*Dataset records*
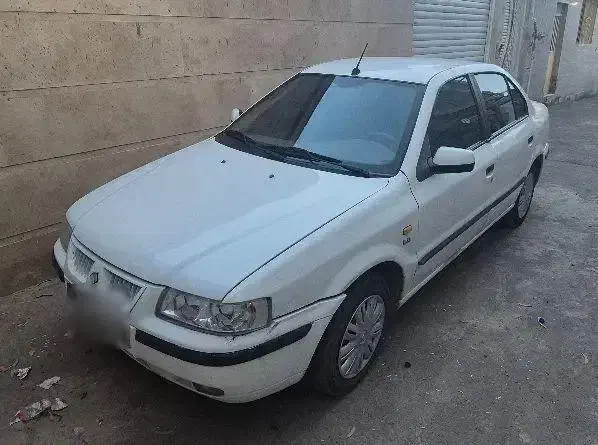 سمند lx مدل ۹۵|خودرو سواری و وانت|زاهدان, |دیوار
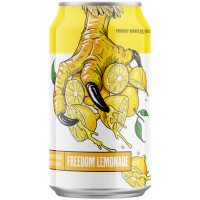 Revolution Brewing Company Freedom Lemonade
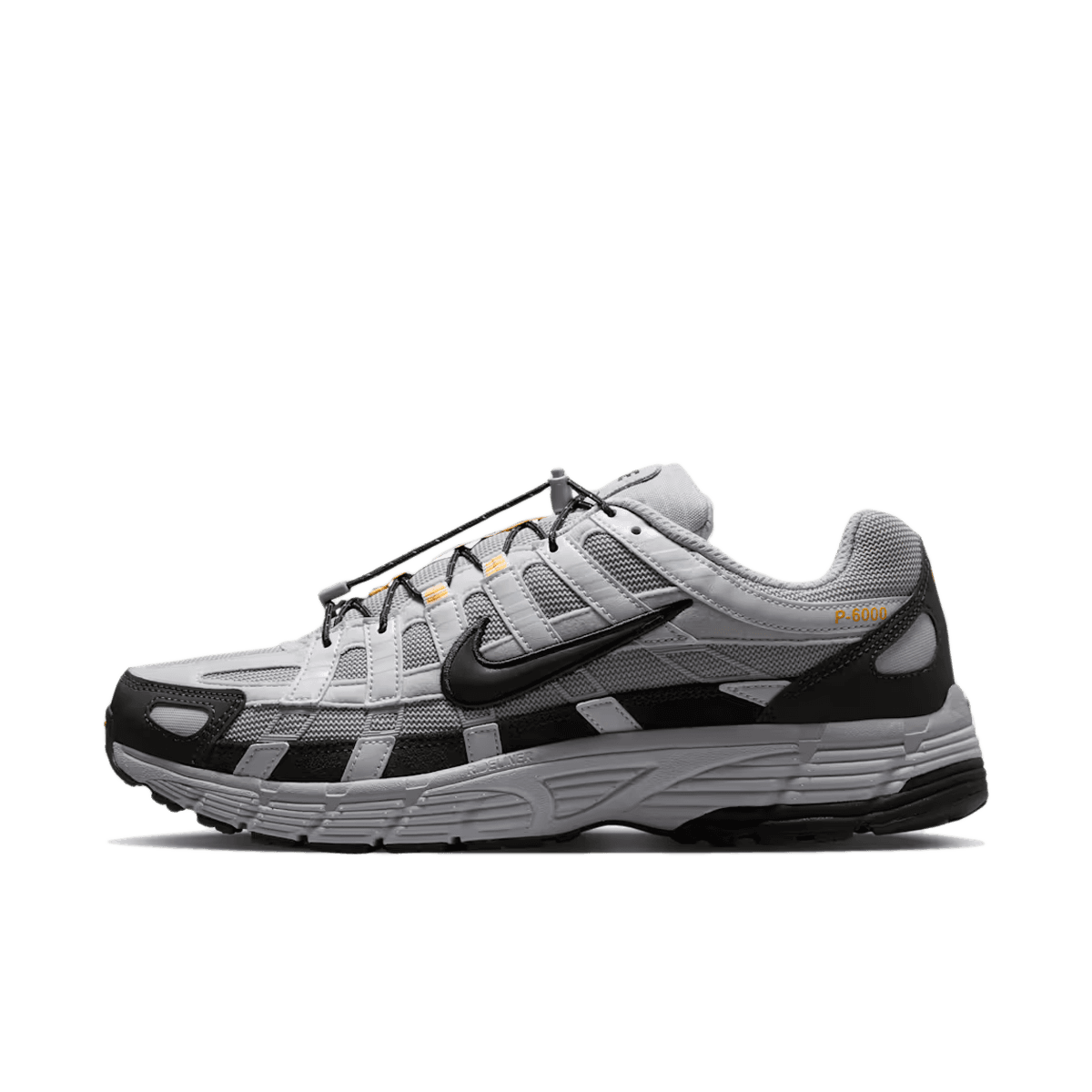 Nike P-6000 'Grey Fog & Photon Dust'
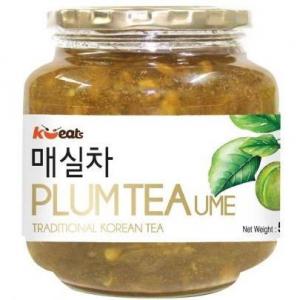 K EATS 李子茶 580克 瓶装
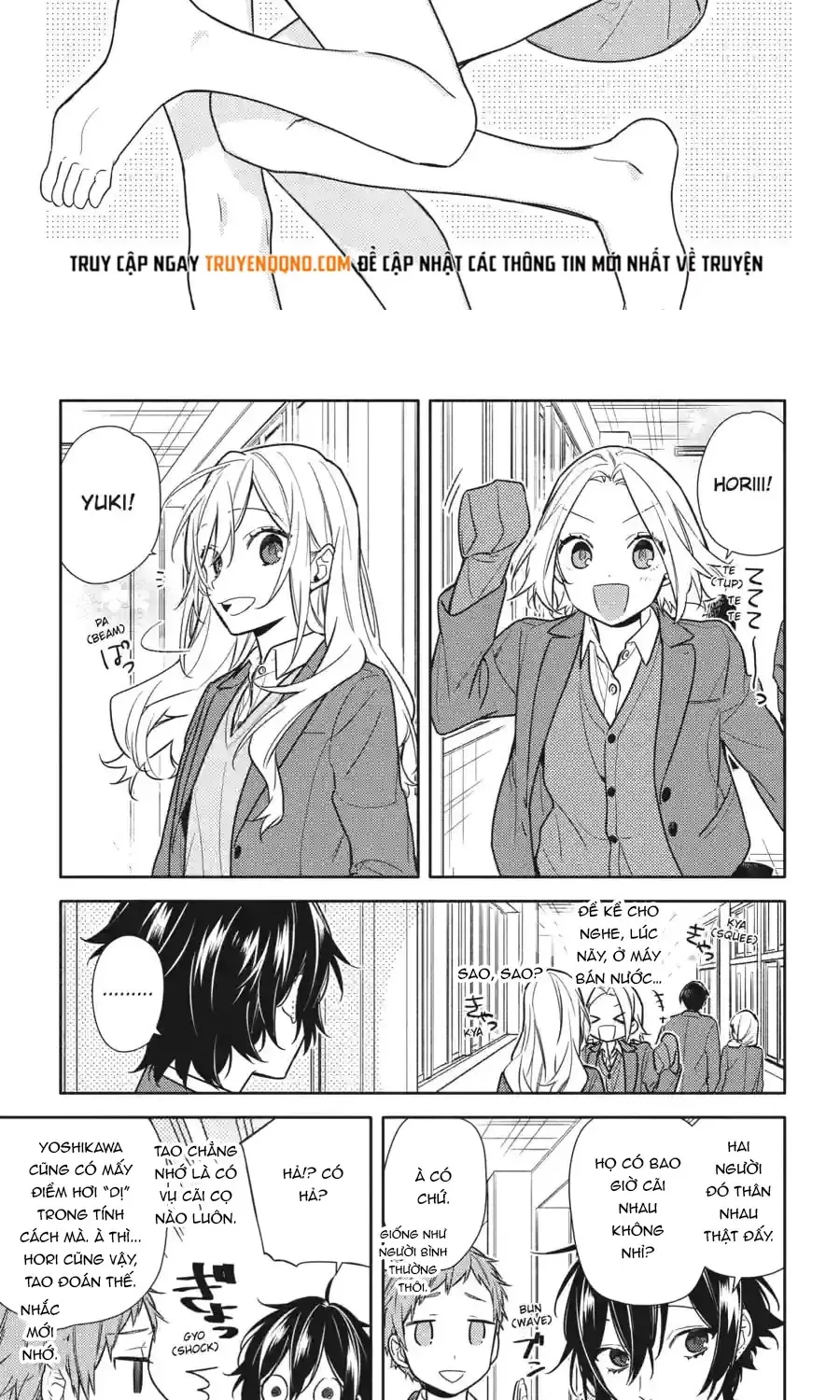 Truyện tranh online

*Work order*
Would you give again, exactly as written, the lines from the one containing "Revolution Brewing Company Freedom Lemonade" through the end of the records, with no pictures and no other lines?

*Exercise result*
 Revolution Brewing Company Freedom Lemonade
 Nike P-6000 'Grey Fog & Photon Dust'
 K EATS 李子茶 580克 瓶装
 Truyện tranh online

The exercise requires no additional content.